No, this is a (reasonable) design decision not a bug. Unless you're generating RSA keys larger than ~15360 bits this has no negative security impact.
Wait, what?
It seeds a CSPRNG with 256 bits, then uses the CSPRNG to generate the RSA key. According to most of the estimates listed on http://www.keylength.com/ an RSA key needs to be somewhere around 15360 bits to provide a level of security equivalent to a 256 bit symmetric key.

This assumes OpenSSL's CSPRNG is solid, and that /dev/urandom is returning 32 bytes of data that can't be guessed in less than brute force time. I'd be curious to know how big the internal state of that CSPRNG is, actually.

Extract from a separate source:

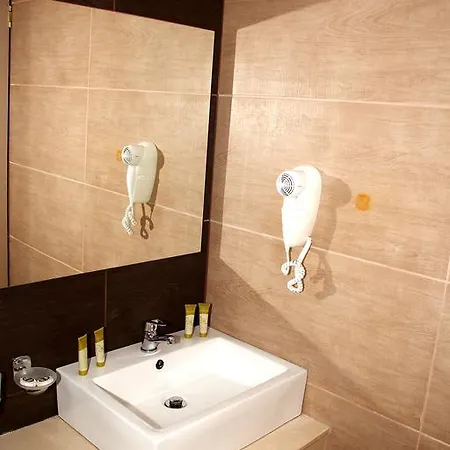 Apart-hotel Karavos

I'm unclear on the argument that says OpenSSL's CSPRNG is inadequate for the generation of two 7680-bit numbers (there may be one, I just don't know what it is). I don't like the OpenSSL CSPRNG and think OpenSSL would be better if all the random bits just came directly from urandom, but I think OpenSSL's RAND_ functions are up to the task of 15360 bit keys.
What I'm trying to say is that by the best estimates I am aware of, the point at which it becomes less work to brute force the 256 bit seed than it would take to factor the modulus comes at around 15360 bits.
Oh, I understand what you're saying now. I didn't consider that, because brute-forcing a 256 bit number is totally implausible. :)
Ah. Yeah, I'm aware of that, and 'implausible' is putting it lightly.
Sorry, I didn't mean to imply you didn't; I was just explaining why I had overlooked the point you were making. :)
Whether or not this is a bug, it's not Debian specific.
>Florian Weimer dixit:

>Historically, the OpenSSL command line tools have been intended for debugging only.

This seems rather out-of-touch with reality.

I see that several people (even in this thread, which you'd expect better of) still expressing the prevalence of incoherent and inconsistent-with-reality beliefs about /dev/random and /dev/urandom.

This quote in particular struck me as very strange.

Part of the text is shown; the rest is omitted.